As enterprises push deeper into their AI journeys, the industry is undergoing a critical pivot from training massive models to running them efficiently at scale. This AI inference stage is less about building the models themselves and focusing more on deploying them in production to serve billions of real-time decisions across the edge, data centers and the cloud.
Nvidia’s Harish Arora talks with theCUBE about how storage, not GPUs, is the backbone of AI inference.
While graphics processing units often take center stage, the true workhorse making AI inference possible is storage. From high-throughput pipelines to tiered architectures, storage infrastructure is what enables inference to deliver the speed, scale and reliability that modern enterprises demand, according to Harish Arora (pictured, front row, left), lead product manager at Nvidia Corp.
“Storage has a big role to play in this entire [retrieval-augmented generation] pipeline,” he said. “The vector database ingestion of all the embeddings and index creation is a very storage-centric operation. It requires high-performance storage, which is where high-performance file access and object access become important. On the point of AI factories, we are working with several high-performance object storage providers to expand the customer choice beyond just parallel file systems and NFS file systems to include high-performance objects as a great foundation for AI factories.”
In an exclusive panel discussion, Arora was joined by Tien Lee (back row, left), product manager at Super Micro Computer Inc.; Peter Sjoberg (front row, right), vice president of worldwide solution architects at Cloudian Inc.; Tony Asaro (front row, middle), chief strategy and business development officer at Hammerspace Inc.; and Ace Stryker (back row, right), director of market development at Solidigm, a trademark of SK Hynix NAND Products Solutions Corp. (AKA Solidigm). They spoke with theCUBE’s Rob Strechay at the Supermicro Open Storage Summit, during an exclusive broadcast on theCUBE, SiliconANGLE Media’s livestreaming studio. They discussed how AI’s future will depend on the ability of storage platforms to keep pace with the scale, speed and intelligence required by the next generation of inference workloads. (* Disclosure below.)

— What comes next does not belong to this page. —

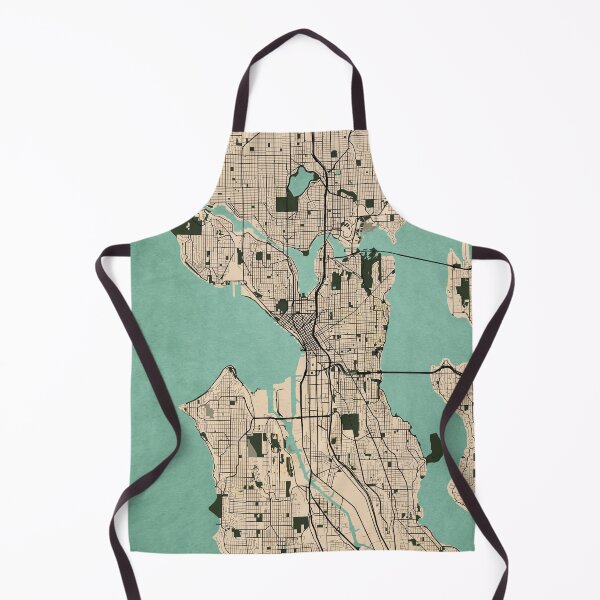 Item preview, Seattle City Map of Washington, USA - Vintage designed and sold by deMAP.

The surge in enterprise unstructured data, expected to grow from 14 zettabytes today to 30 zettabytes by 2028, is mandating the shift to AI inference, according to Arora. To meet the challenge, Nvidia introduced NeMo Retriever services, built to accelerate retrieval-augmented generation pipelines. These services process trillions of unstructured files — images, charts, videos, logs — and transform them into embeddings stored in vector databases.
“These NeMo Retriever services are actually NIMs, and NIM stands for Nvidia Inference Microservice — easy to use in a cloud-native architecture,” Arora said. “These NIMs collectively extract all the data from the various enterprise data files and generate the embeddings and keep the embeddings or store the embeddings in a vector database.”
For Hammerspace, the key next-gen AI challenge is eliminating data gravity — the friction that keeps distributed data tied to physical infrastructure. Hammerspace tackles this with its AI data platform, built on a high-performance parallel file system supporting both NFS 4.2 and S3 APIs, according to Asaro.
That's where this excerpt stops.